ArSL-Models — Arabic Sign Language Recognition

Two PyTorch models for Arabic Sign Language (ArSL) recognition, used by the CSLR app (deployed as a Hugging Face Space):

File	Task	Architecture	Classes
`improved_arsl_model.pth`	Alphabet (finger-spelling)	ResNet18 + BiLSTM + Attention	29
`sign_word_t5_classifier_best_3d.pth`	Word signs	T5-encoder over hand landmarks	10

⚠️ Note: Quantitative results below (accuracy, F1, dataset sizes) are placeholders pending the accompanying paper. They will be updated with the exact reported figures.

1. Alphabet model — `improved_arsl_model.pth`

A spatial-sequential classifier for static Arabic letter signs.
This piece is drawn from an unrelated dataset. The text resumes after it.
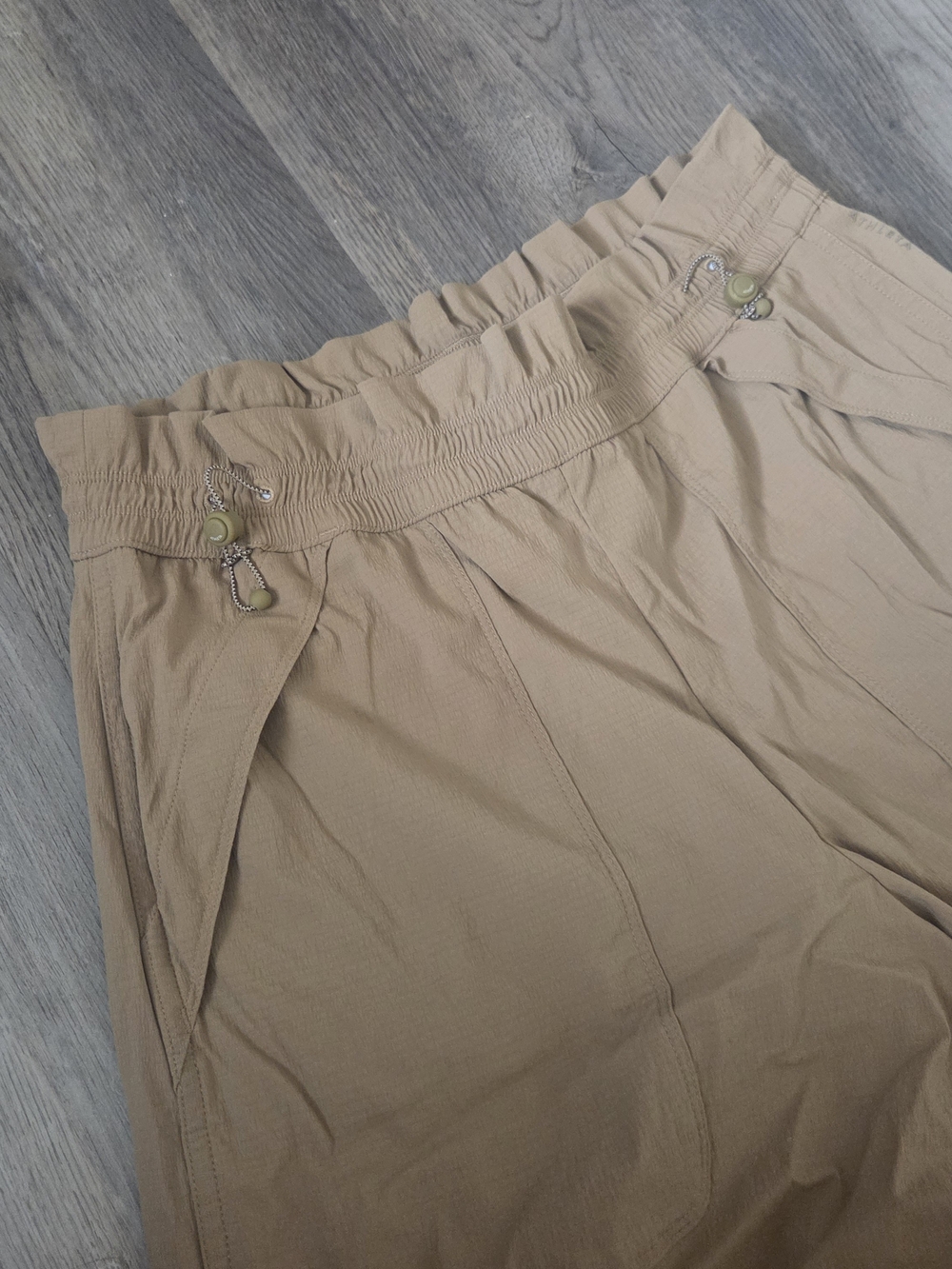 Athleta Trekkie High Rise Parachute Pant Wide Leg Outdoor Size 6 Petite - Picture 3 of 9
Architecture (ArSLAttentionLSTM)

Backbone: ResNet18 (ImageNet-pretrained), final pooling/fc removed → 512×7×7 feature map.
Sequence: the 7×7 grid is flattened to a length-49 sequence of 512-d vectors.
Recurrence: 2-layer bidirectional LSTM, hidden size 512 (→ 1024-d outputs).
Attention: additive attention pools the LSTM outputs into one context vector.
Head: 1024 → 512 → 256 → 29 MLP with BatchNorm, ReLU, dropout (0.5).

Input

RGB image, resized to 224×224, normalized with ImageNet mean/std ([0.485, 0.456, 0.406] / [0.229, 0.224, 0.225]).
Hand presence is verified with MediaPipe before classification.

Output: softmax over 29 classes.

Alphabet label map (index → letter)

idx	letter	idx	letter	idx	letter	idx	letter	idx	letter
0	ع	6	ف	12	ك	18	ر	24	ث
1	أ	7	ق	13	خ	19	ص	25	ذ
2	ب	8	غ	14	لا	20	س	26	و
3	د	9	ه	15	ل	21	ش	27	ي
4	ظ	10	ح	16	م	22	ط	28	ز
5	ض	11	ج	17	ن	23	ت

Reported metrics (to update from paper)

Metric	Value
Test accuracy	TBD
Macro F1	TBD
Dataset / split	TBD

2. Word model — `sign_word_t5_classifier_best_3d.pth`

A landmark-based classifier for dynamic word signs.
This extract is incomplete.